I went to get the mail today, and there in my mailbox was a SASE. It was sitting there, all by itself and for a moment I wanted to close the box and pretend I couldn’t see it. However, being the consummate writing professional (HA!) I am, I reached in without fear and grabbed the envelop. I knew what it contained, but felt a surge of hope anyway as I stood in the driveway and tore it open. Alas, writer friends, the hope was short-lived as I pulled out a two inch by two inch piece of paper that told me I had been rejected by yet another literary magazine. Sigh. I didn’t even rate a full sized sheet of paper. Good for the environment, bad for me.
If you’re a writer, this is a common occurrence for you. Rejection is part of the game. In fact, I didn’t really feel like a writer until I got my first rejection. (Since then, I’ve put that silly notion behind me and decided that rejection stinks.) Anyway, today I’d like to offer a slightly different perspective. I was reading through some of the stories submitted for EIR, and came across one I really wanted to like. I mean REALLY. It was a subject I think is important and underrepresented. The plot was interesting, yet simple. The writing was clean…and yet, I felt like it just wasn’t there yet. The characters weren’t fully developed and seemed distant, and for me, that’s a killer. Hopefully this story will find a home with another journal. Or the author will rework it and resubmit.
People say that editors are looking for a reason to reject you, and in a sense, that’s true. My inbox is overflowing, the faster I can get through it, the better. But I don’t start reading a story hoping I can reject it quickly. I’m rooting for every story I read to make it. To be The One. Last week I found a story like that, and I’m still thrilled. My guess is that most editors are like me. They want to find a story that grabs them and won’t let go. They’re disappointed when a story they’re rooting for falls short. I don’t think most of us read to reject. I think we read because like everyone else, we Love a good story.

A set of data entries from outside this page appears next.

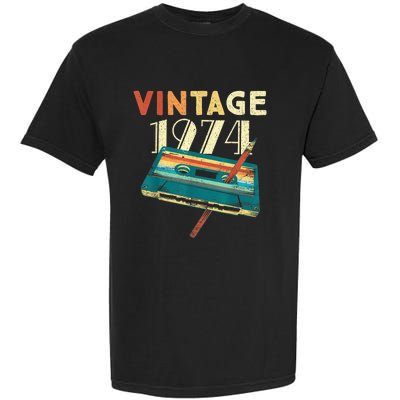 Vintage 1974 Music Cassette 49th Birthday Present Gifts 49 Years Old Garment-Dyed Heavyweight T-Shirt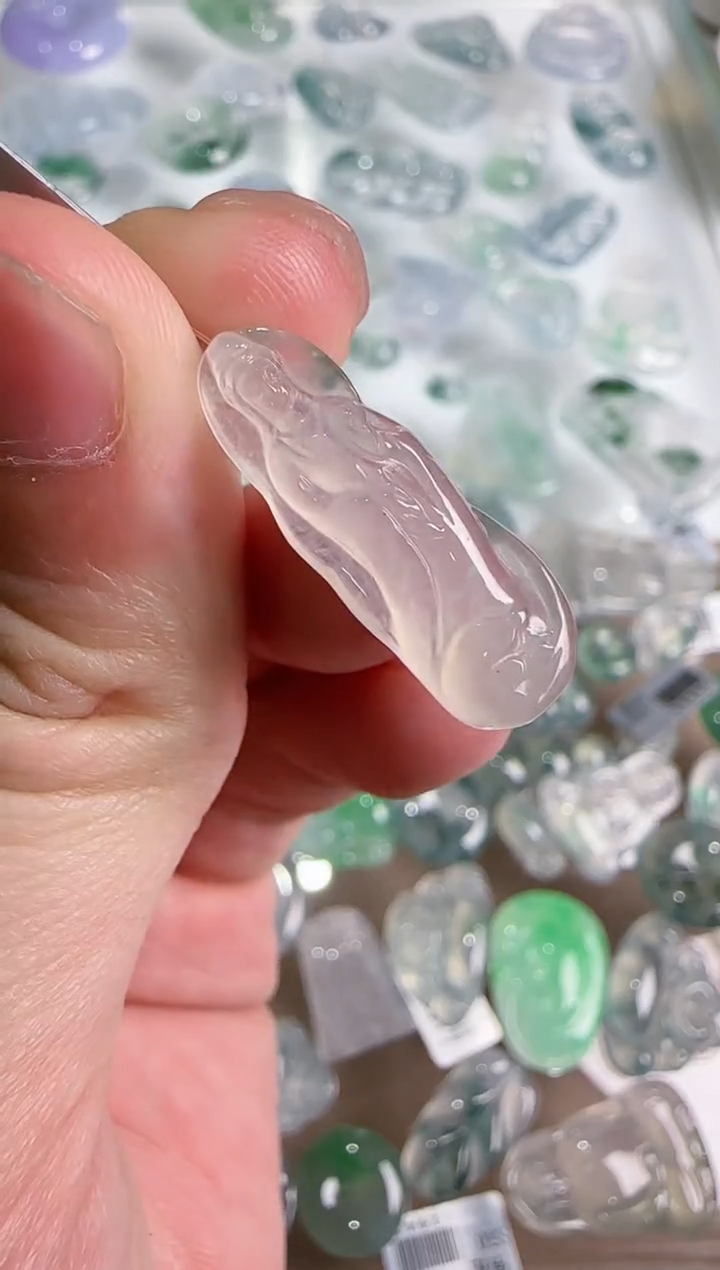 【闪购商品】翡翠吊坠(不含链)未镶嵌··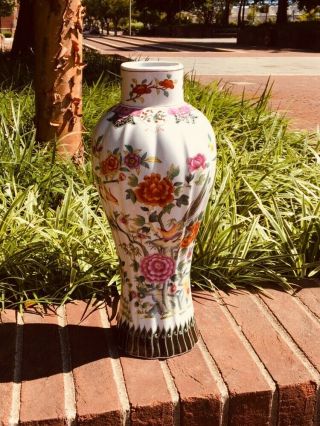 Huge Vintage Unique Chelsea House Asian Design Tall Porcelain Vase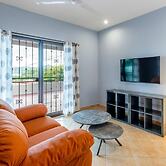 2BD Condo With Pool and Scenic Ocean View in Flamingo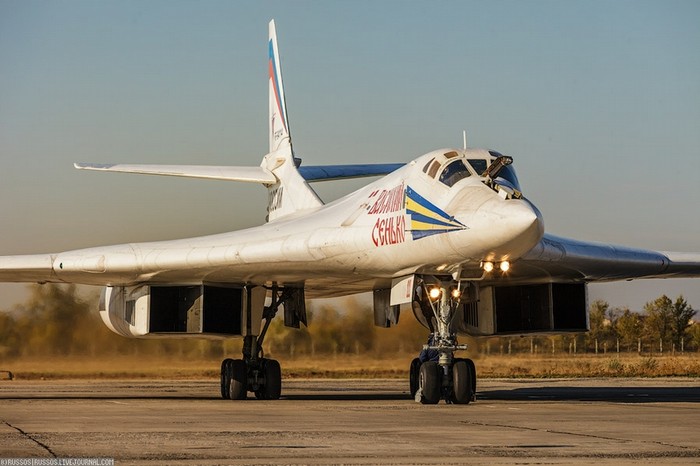 Máy bay ném bom chiến lược Tu-160 Nga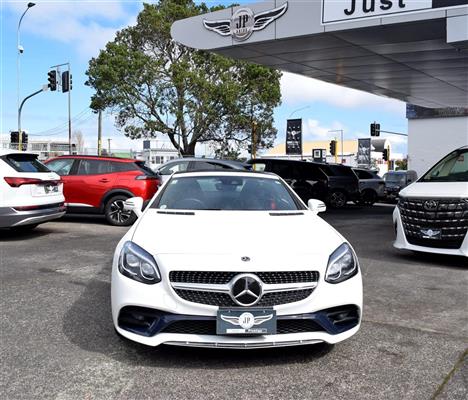 2019 Mercedes-Benz SLC thumbnail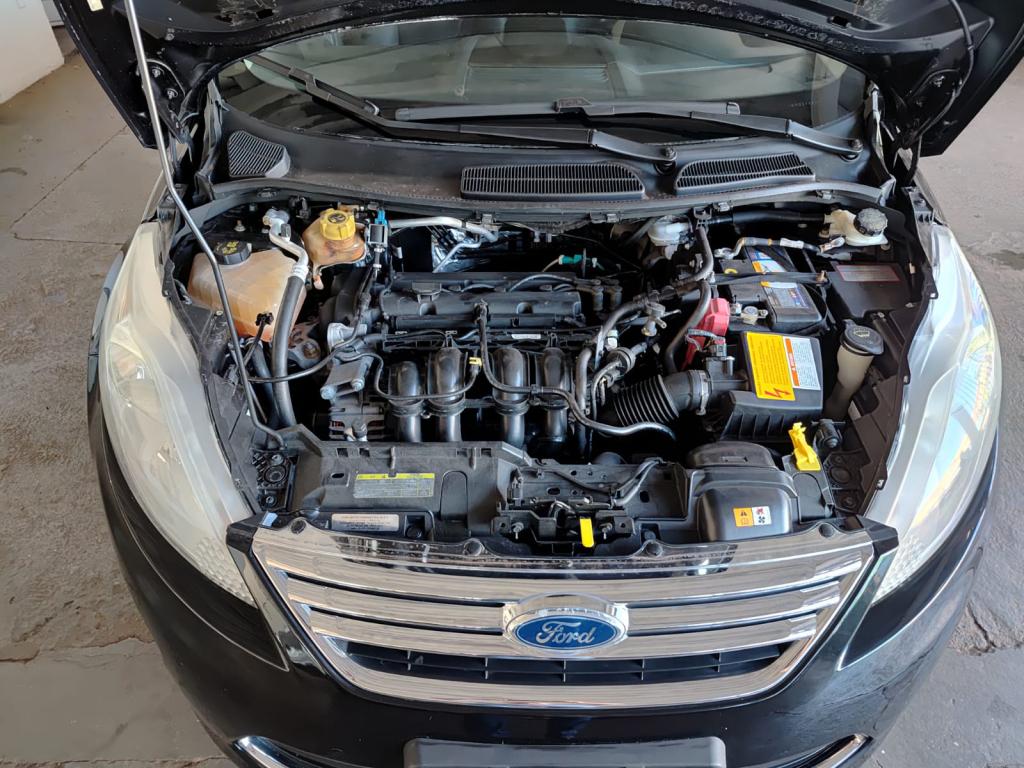 FORD Fiesta Sedan - Miniatura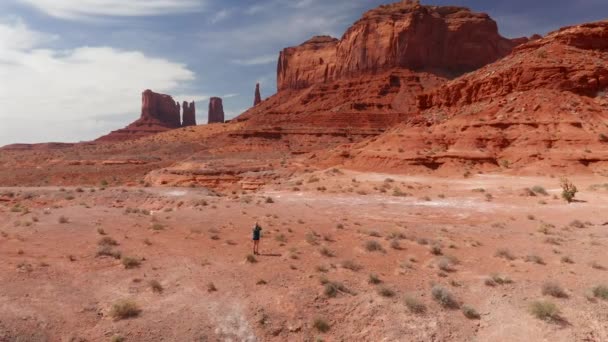 Menina Tirando Fotos Vale Monumento Utah — Vídeo de Stock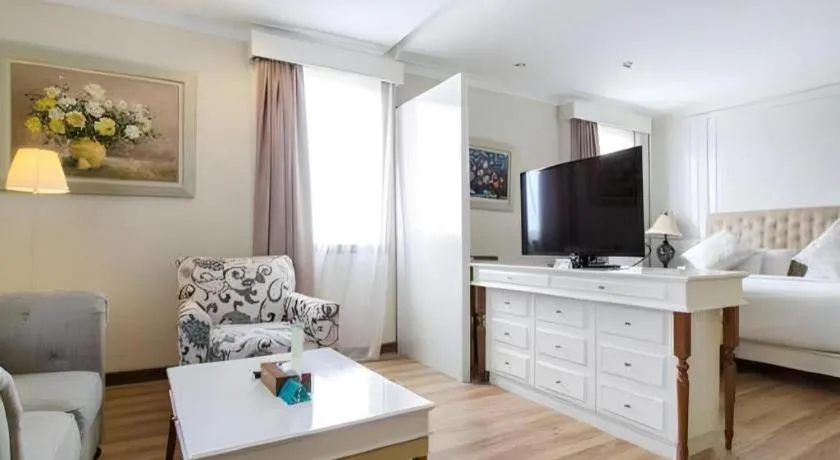 Bed in Horison Aziza Solo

Even the submissions I really don’t like, for whatever reason—subject matter, writing style, the author needs to work on the craft—even those stories get my respect because someone had the guts and the determination to sit down and commit those words to paper. I know how hard that is and I respect the process. So when I reject a story, it’s never a rejection of the author. In sending out their work, the author has already accomplished something most people never will—they’ve finished a story and had the strength to send it out there. That’s something to celebrate, not mourn.
Thinking about it this way helped me handle the rejection letter I found in my mailbox today. Most likely, my work just hasn’t found a home yet. Maybe it was the subject matter, maybe not. Whatever it was, like other writers, I’ll keep sending it out until I find that one editor who likes it. That’s all I need, just one person to like it. And that’s all you need too. Keep working. Keep sending your work out. And know that even when you get rejected, you’re already a step ahead of most people. Celebrate that.